Polska Grupa Górnicza przygotowuje się do wygaszenia Ruchu Bielszowice, czyli części kopalni Ruda w Rudzie Śląskiej. Spółka chce przyspieszyć połączenie Bielszowic z Ruchem Halemba. Rozpoczęła już rozmowy ze związkowcami na ten temat.

Połączenie ruchów Halemba i Bielszowice zapisane było w umowie społecznej z maja 2021 roku. Miało do niego dojść już w 2023 roku, ale z powodu wzrostu popytu na węgiel po wybuchu wojny w Ukrainie termin ten przesunięto na koniec 2025 roku.

Jesteśmy zobowiązani do przestrzegania zapisów umowy społecznej. Proponujemy zgodnie z nią połączenie zakładów i dalszą działalność jako kopalnia jednoruchowa. Zaproponowaliśmy jednak przyspieszenie tego procesu od 1 lipca 2025 roku. Dzięki zastosowaniu tego rozwiązania wydobycie w Bielszowicach mogłoby potrwać dłużej - do połowy 2026 roku, a nie jak było planowane do 1 stycznia 2026 roku - mówił na spotkaniu ze związkowcami zarząd PGG. 
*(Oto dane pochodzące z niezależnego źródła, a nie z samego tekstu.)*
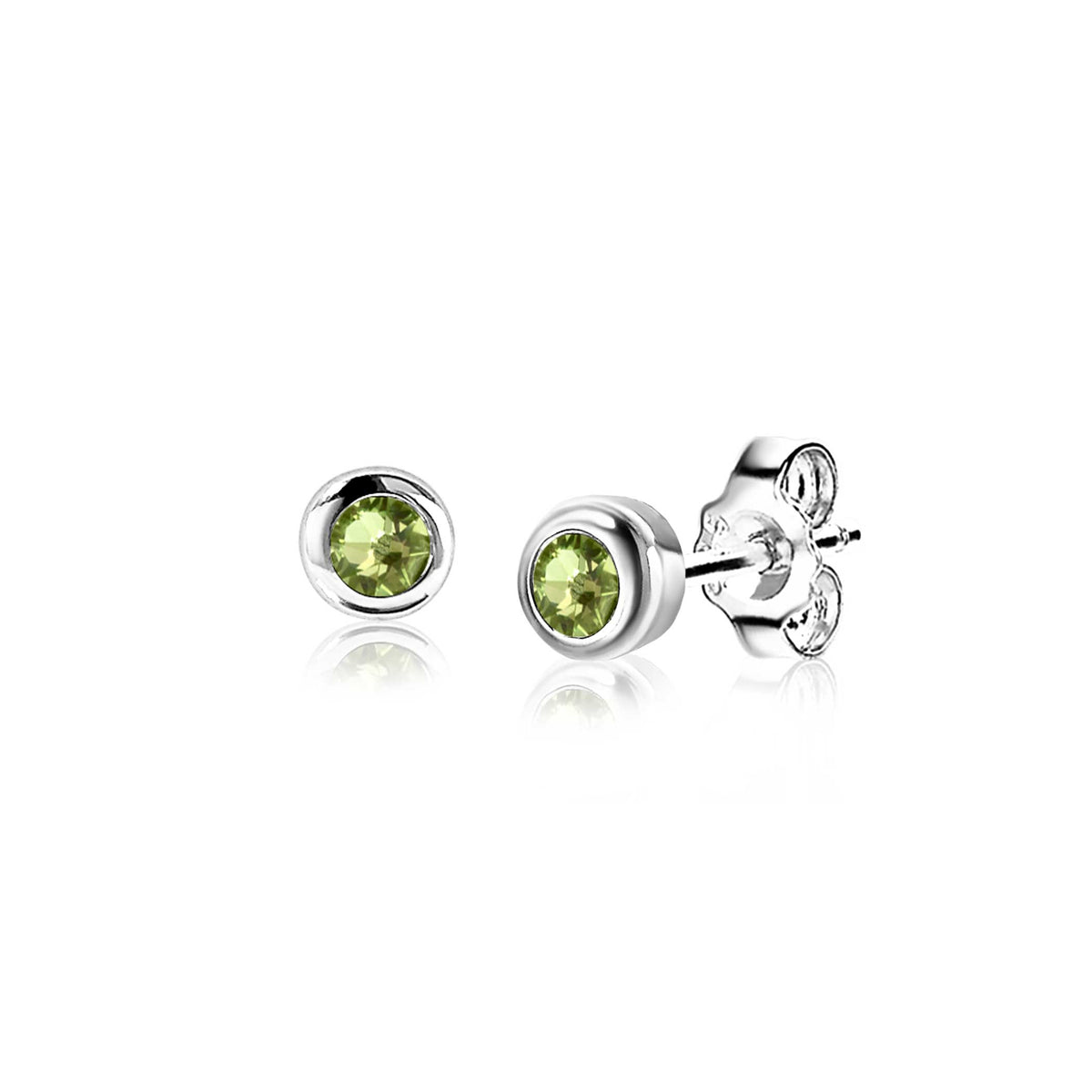 Ohrringe aus Silber mit grünen Zirkonia-Steinen in runder Form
W ruchu Bielszowice pracuje ok. 2300 osób. Bardzo dokładnie zostanie przeanalizowane każde miejsce pracy i możliwości skorzystania pracowników m.in. z urlopów górniczych, odpraw, alokacji na inne ruchy czy wykonywania prac związanych z wygaszaniem kopalni. Wybrane osoby będą mogły skorzystać z Programu Dobrowolnych Odejść, o którego wprowadzenie już teraz pytają pracownicy spółki. Jedno jest pewne - nikt nie straci pracy, to gwarancja wynikająca z umowy społecznej - zapewnił prezes PGG Leszek Pietraszek.

Szczegóły zostaną omówione na kolejnym spotkaniu ze stroną społeczną.

Polska Grupa Górnicza poinformowała, że sytuacja spółki jest trudna. W maju 2023 roku ówczesny zarząd zaplanował, że PGG sprzeda 22 mln ton węgla. Po analizie sytuacji na rynku okazało się, że sprzedanych zostanie 17 mln ton - czyli 5 milionów ton węgla mniej, co przekłada się na spadek dochodu o ok. 2,5 mld złotych.